In this guide, we are going to learn how to install and setup GlusterFS storage cluster on CentOS 8. GlusterFS is an opensource distributed and scalable network file system that clusters various disk storage resources into a single global namespace. It is suitable for data-intensive tasks such as cloud storage and media streaming. Some of the common features for GlusterFS include;
- Can scale to several petabytes thus can handle thousands of clients.
- Provides high availability through data mirroring. It also supports self healing mechanism that restores data to the correct state following recovery with nearly no overhead.
- Provides a unified global namespace that clusters disk and memory resources into a single pool that ensures load balanced I/O.
- Uses elastic hash algorithm to locate data in the storage pool hence linear performance scaling.
- Provides elastic volume manager in which data is stored in logical volumes that are abstracted from the hardware and logically partitioned from each other.
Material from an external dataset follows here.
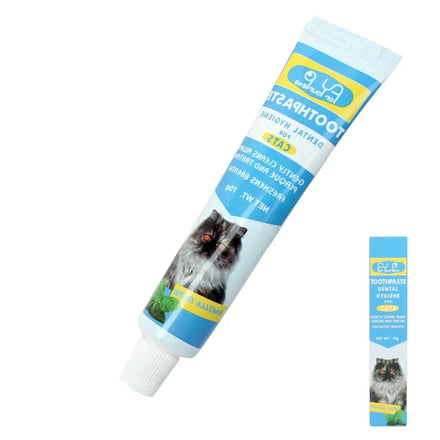 Factory Wholesale Color Box Packaging Vanilla Mint Flavors Cat Tooth Paste Dog Pet Toothpaste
This ensures that storage can be added or removed while data continues to be online with no application interruption.
- Gluster is fully POSIX-compliant and does not require any unique APIs for data access.
- Supports industry standard protocols like NFS, SMB, CIFS, HTTP and FTP.
Install and Setup GlusterFS Storage Cluster on CentOS 8
Ensure that you have at least three storage nodes. Check our deployment architecture below.
Also, ensure that you have an extract virtual disk apart from the root disk where the OS is installed. In our case above, we have an extra disk,
NAME MAJ:MIN RM SIZE RO TYPE MOUNTPOINT sda 8:0 0 8G 0 disk ├─sda1 8:1 0 1G 0 part /boot └─sda2 8:2 0 7G 0 part ├─cl-root 253:0 0 6.2G 0 lvm / └─cl-swap 253:1 0 820M 0 lvm [SWAP] sdb 8:16 0 2G 0 disk └─sdb1 8:17 0 2G 0 part sr0 11:0 1 1024M 0 rom
If using hostnames, ensure that they are resolvable.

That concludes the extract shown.